The topic is in the news today, but we've known it all along. Good old-fashioned roughhousing is often what fathers do best – tossing a child into the air, playful wrestling, tumbling together on the floor. Roughhousing is a welcome release of both love and stress for work-weary dads. For children, it is over-the-top, laugh-out-loud fun.
Our children are natives in a technology world, which does little to get their bodies moving. Their outside play is often limited in the name of safety. That makes the body-building physical involvement of father play all the more important.
In The Art of Roughhousing, authors DeBenedet and Cohen suggest pillows on the floor, guidelines for safety (huge!), and limits on "going too far." Horseplay quickly goes over the line. Children cannot instinctively gauge their own power, or play by the rules. My word of caution: what begins as fun, like tickling, often leads to tears. Sometimes not even dads sense when to stop. And when a child transfers tickling into his own play, he too pushes the limits. Maybe with the hilarity of tossing, tumbling, and wrestling, you don't need tickling. Remember, if a father – the ringmaster of roughhousing – winds a child up, he must be sure to wind him down!
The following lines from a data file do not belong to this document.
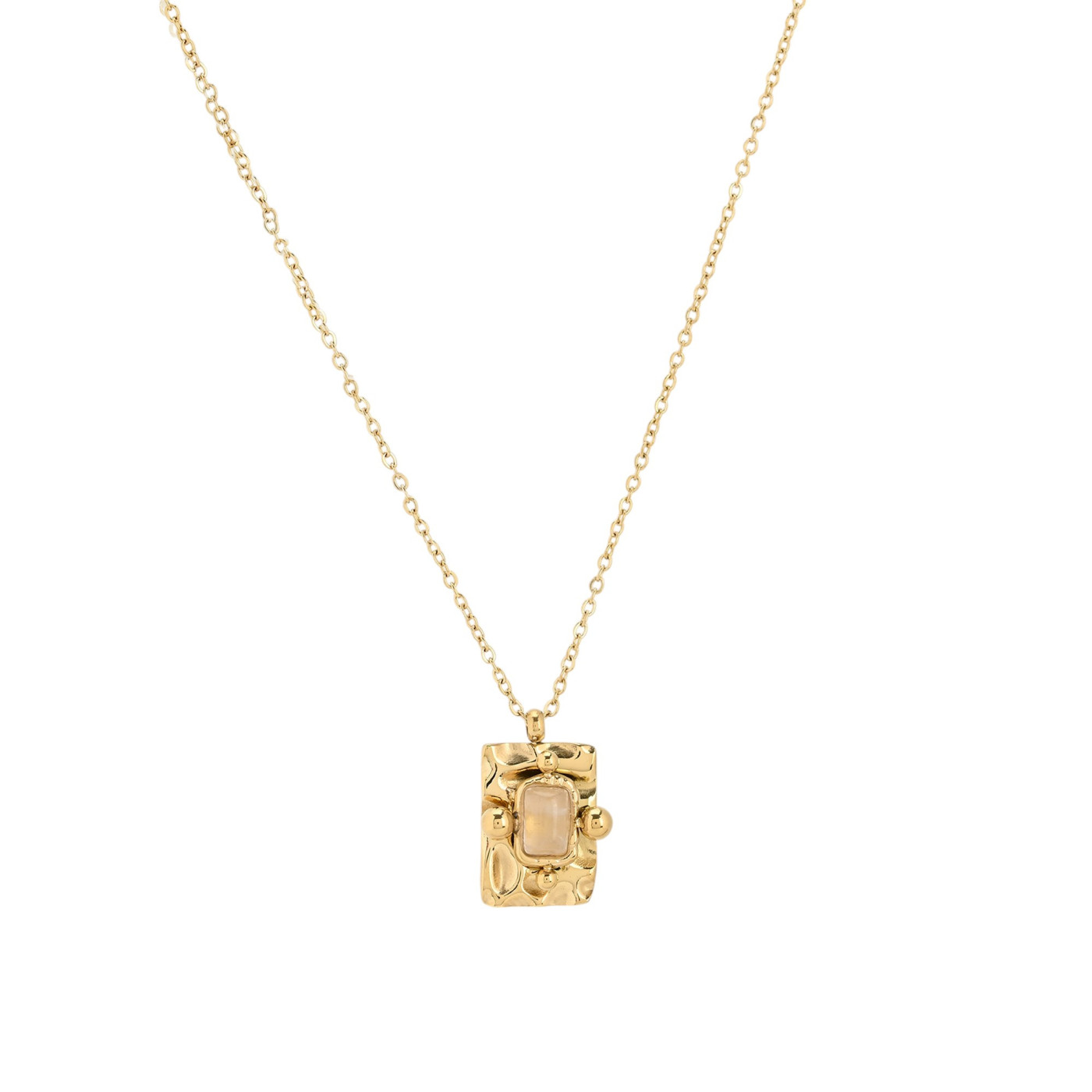Collier en acier pendentif rectangulaire GB
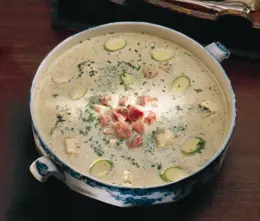 Bacon, Courgette and Cashel Blue Soup
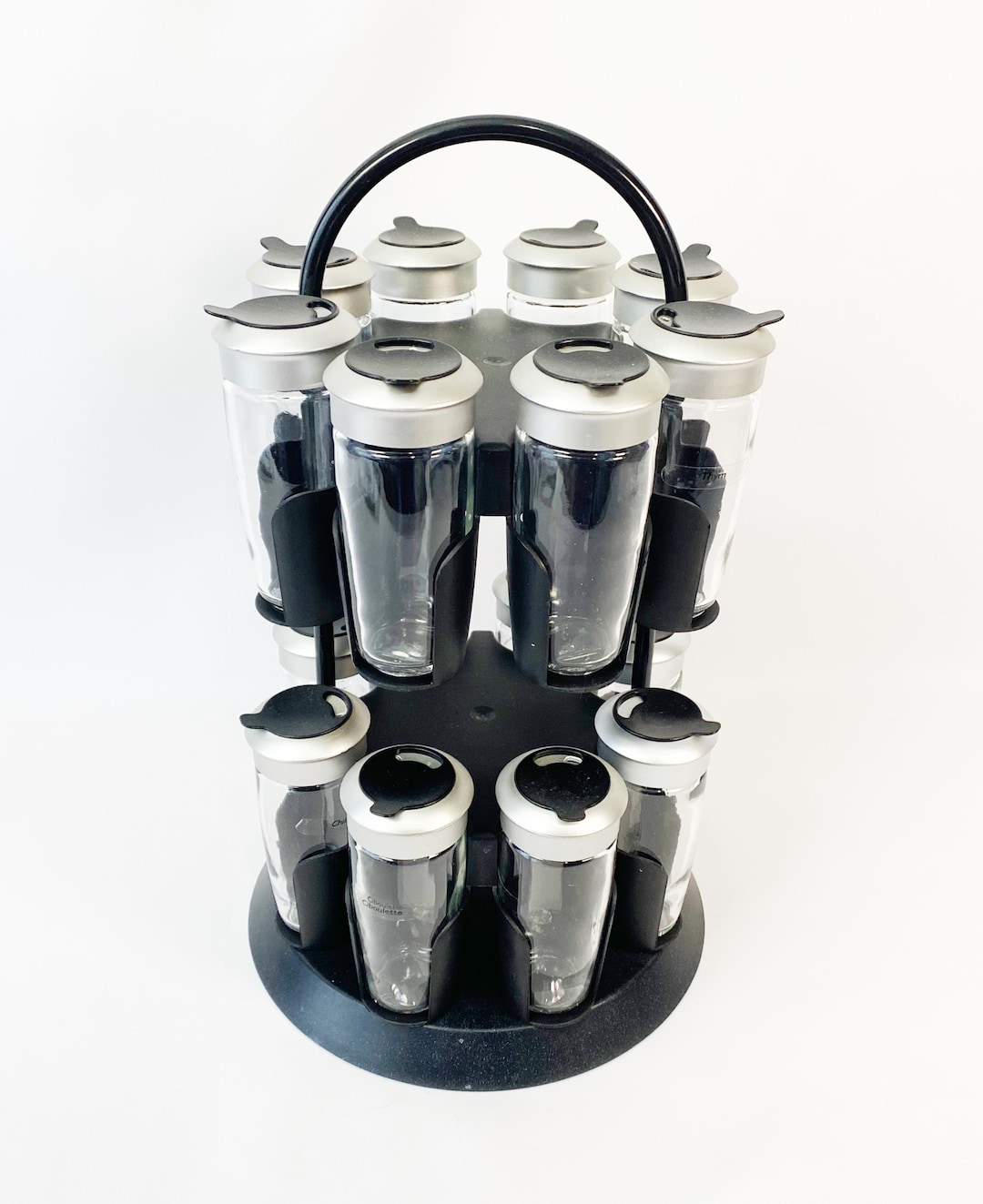 Vintage Counter Top Rotating Spice Rack With Jars 16 Jars Tower Spice ...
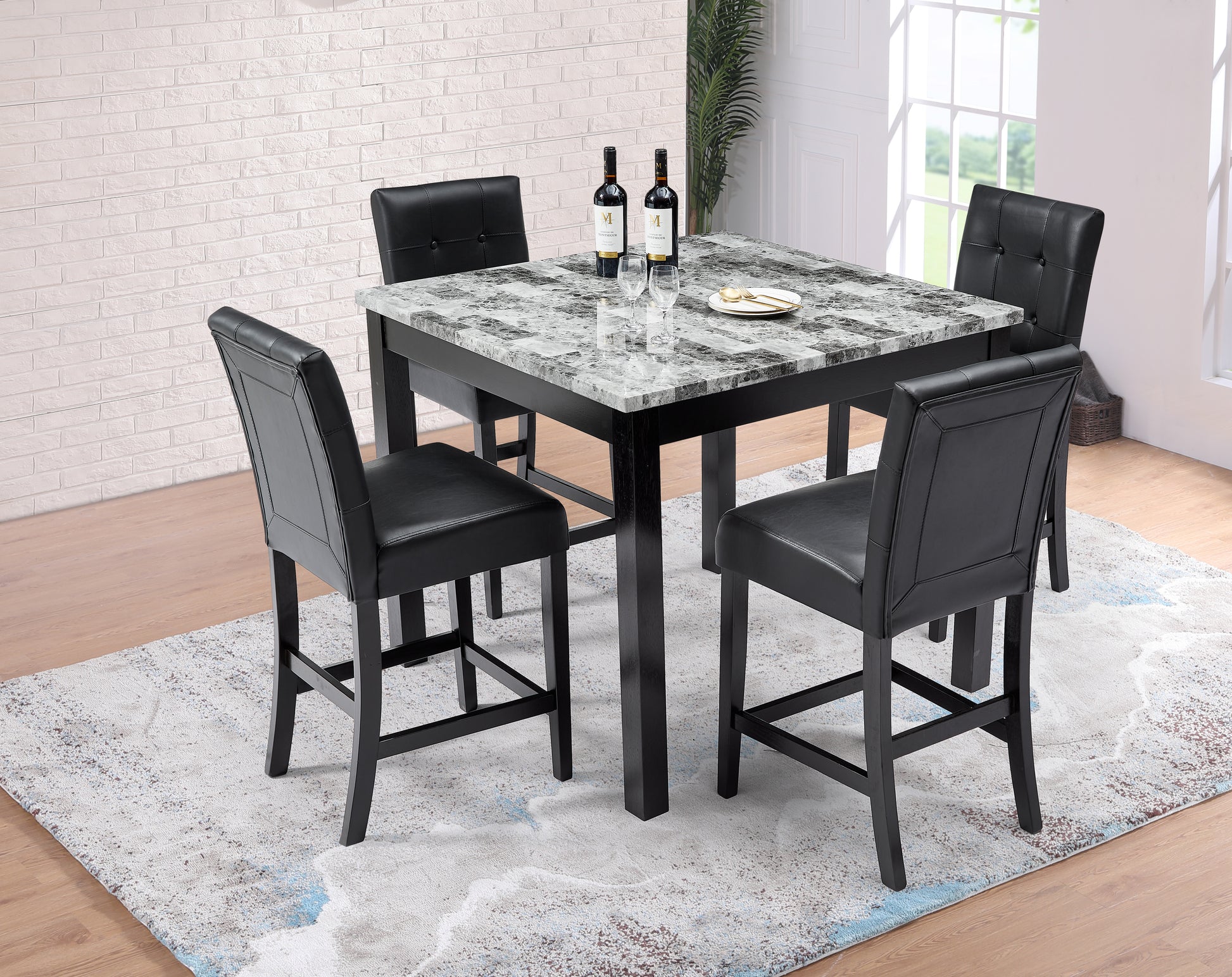 Nordic Square Dining Table And Chair Black Foam Mdf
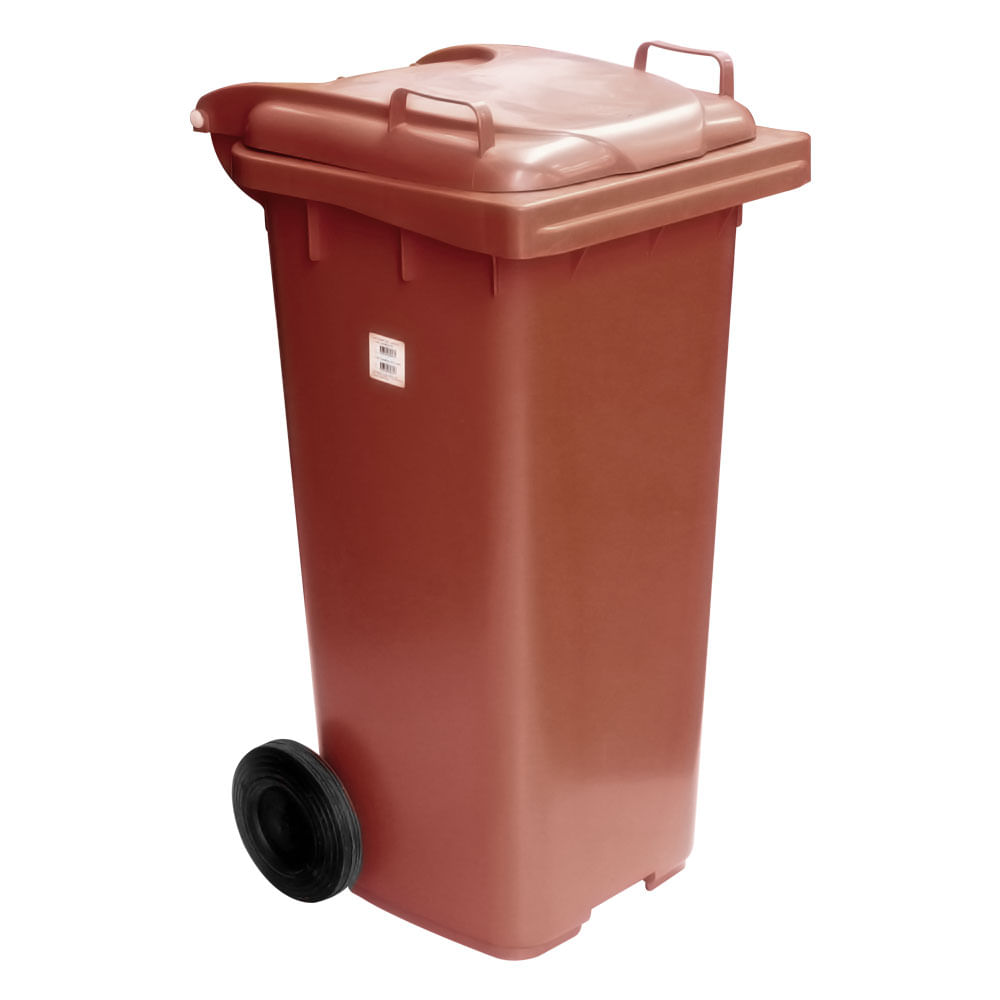 Contêiner de Lixo JSN em Plástico com Rodas 120L Marrom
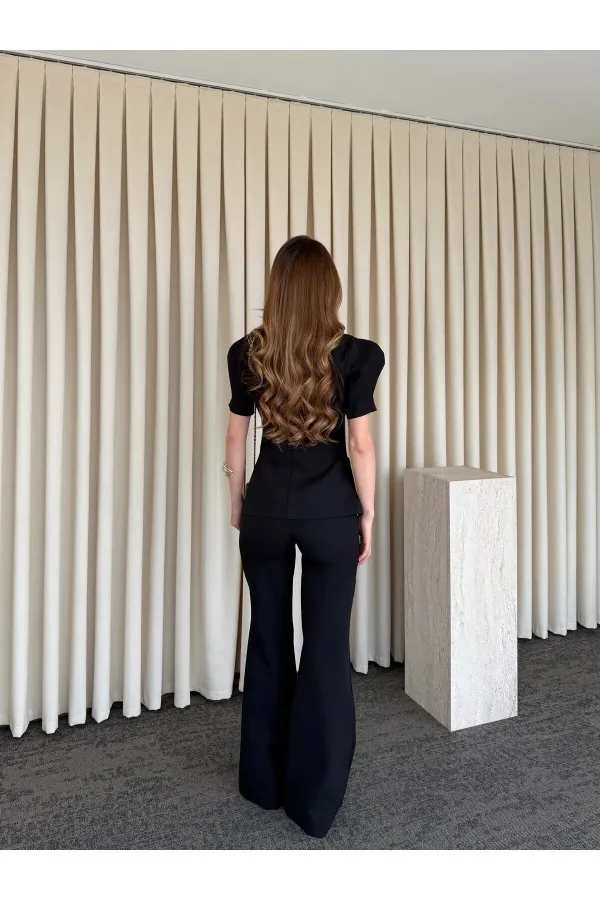 Siyah Balon Kol Düğmeli Ceket Pantolon Takım - 0440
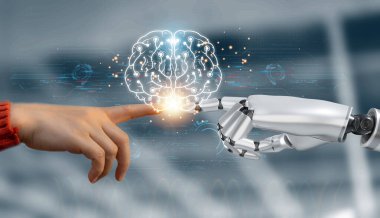 Yapay zeka kavramı, yapay zeka, yapay robot, insan, fikir, gelişme, düşünme, gelecekteki teknoloji dönüşümü, bilim, robot el, insan eli ve robot teknolojisi gelişimi ile bağlantı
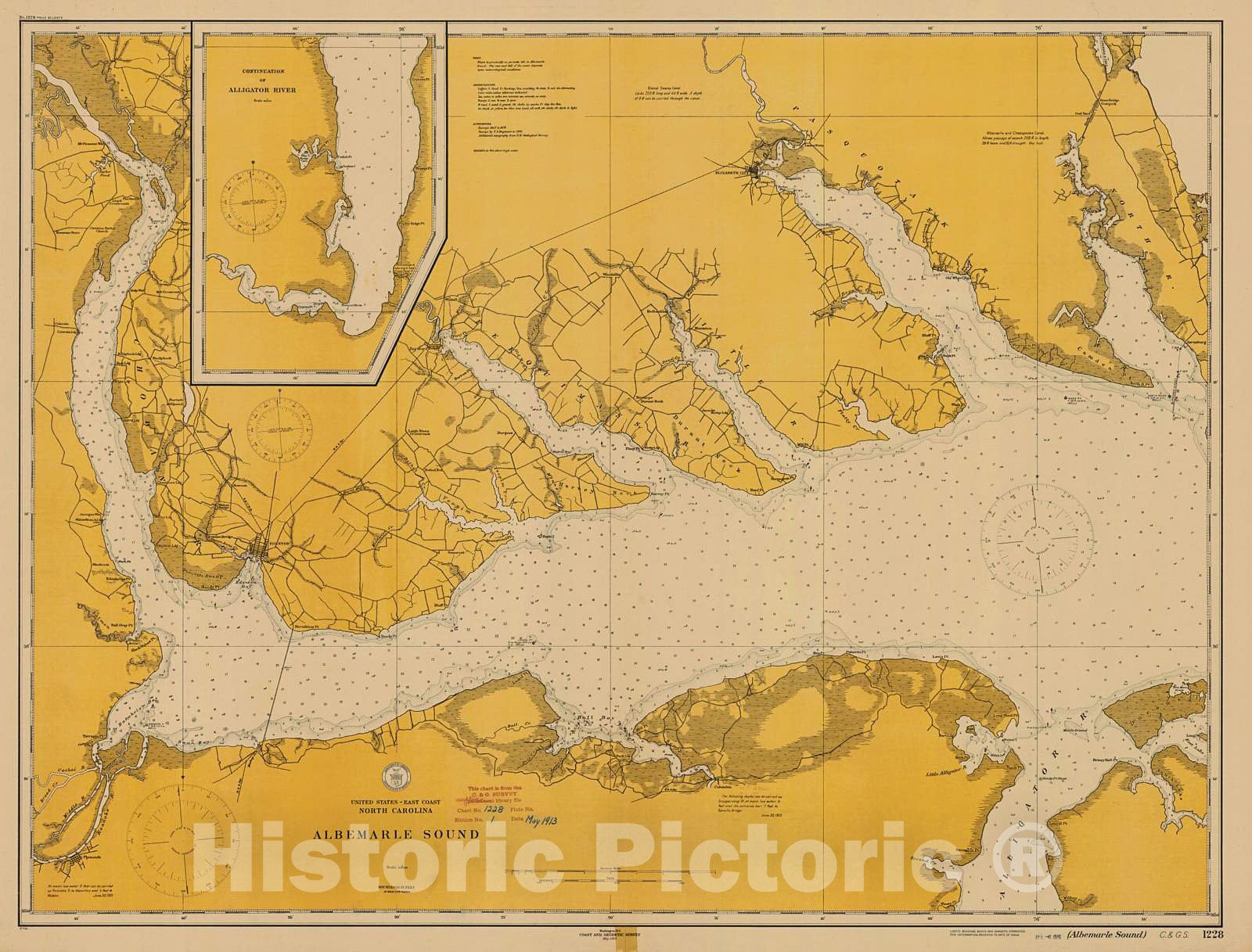 Historic Nautical Map - Albemarle Sound, 1913 NOAA Chart - North Carolina (NC) - Vintage Wall Art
A father's rough-and-tumble play is an ideal complement to a mother's nurturing. Know also that, intertwined in the layers of play, a child:
- Gains higher intellectual, motor, and social growth as early as his first year
- Acquires gross motor skills, which precede fine motor skills
- Learns to give and take, build self-control, and manage himself within boundaries
A Colorful Thought:
Your playful presence colors your child like the sun's radiant light over water.